Input:

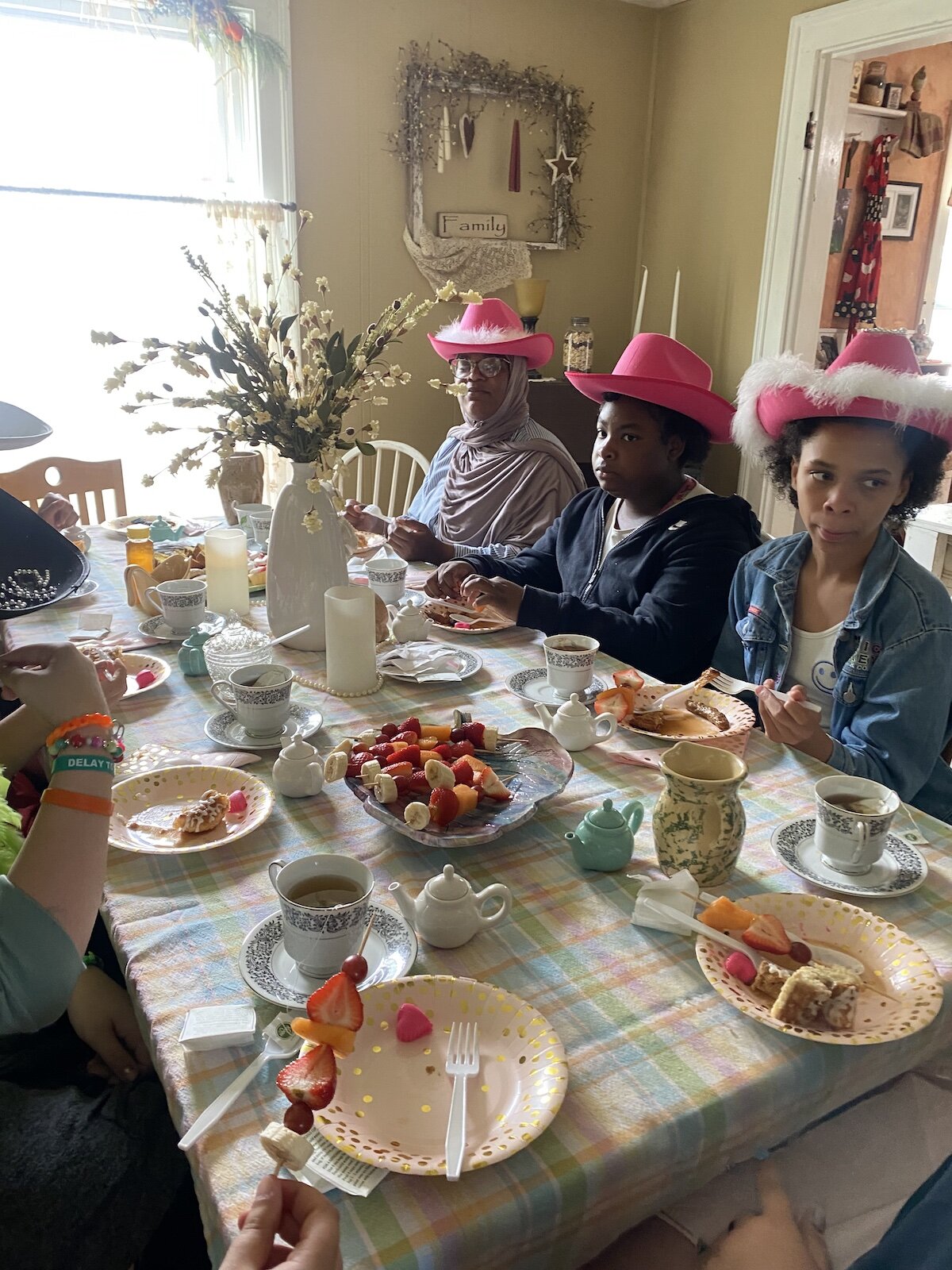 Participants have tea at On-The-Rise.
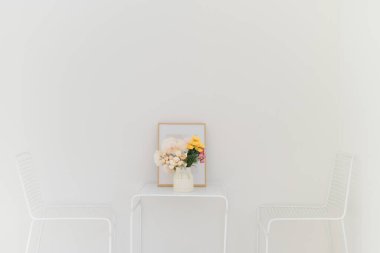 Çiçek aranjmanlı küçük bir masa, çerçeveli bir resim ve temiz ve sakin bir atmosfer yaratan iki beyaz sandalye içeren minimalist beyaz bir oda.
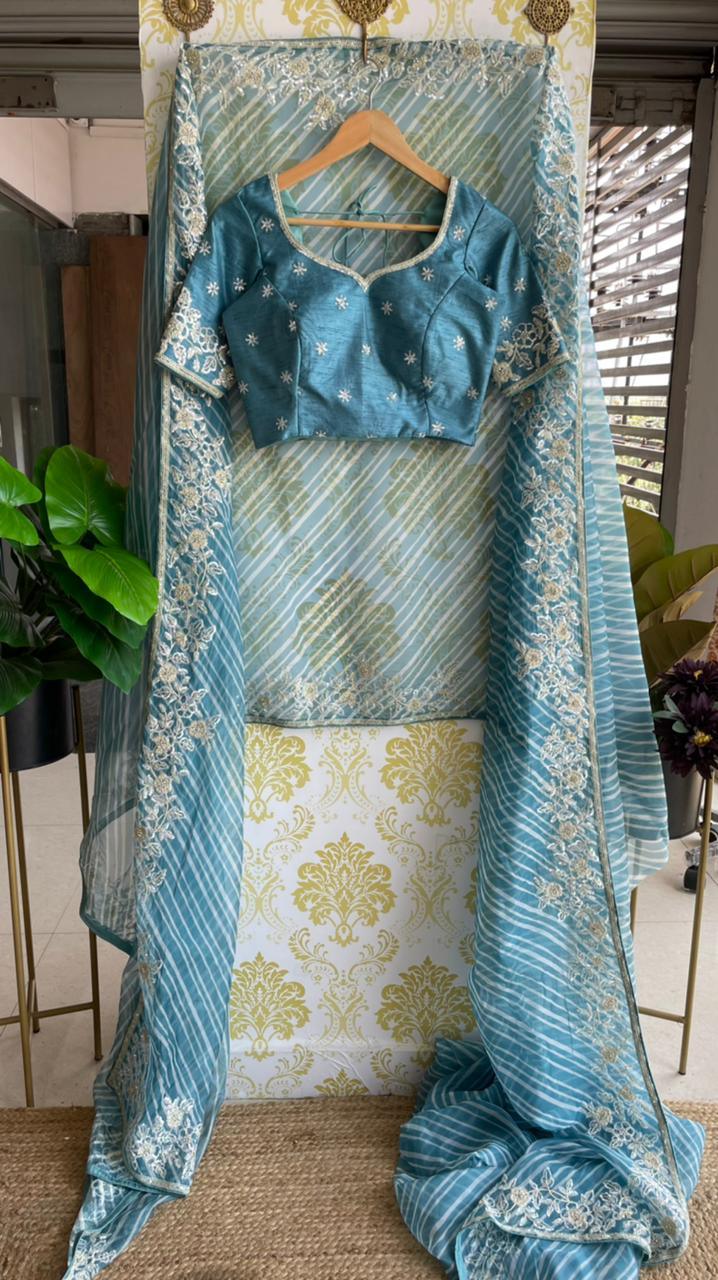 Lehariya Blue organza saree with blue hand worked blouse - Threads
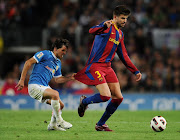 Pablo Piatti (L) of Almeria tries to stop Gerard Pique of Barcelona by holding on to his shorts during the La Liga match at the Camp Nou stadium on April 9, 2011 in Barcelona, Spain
...
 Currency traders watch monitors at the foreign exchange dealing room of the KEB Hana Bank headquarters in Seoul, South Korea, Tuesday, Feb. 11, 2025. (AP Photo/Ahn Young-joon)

What you will do:
From the records above, copy only the lines running from the line holding "Çiçek aranjmanlı küçük" through the line holding "Lehariya Blue organza", with no pictures.

Your solution:
 Çiçek aranjmanlı küçük bir masa, çerçeveli bir resim ve temiz ve sakin bir atmosfer yaratan iki beyaz sandalye içeren minimalist beyaz bir oda.
 Lehariya Blue organza saree with blue hand worked blouse - Threads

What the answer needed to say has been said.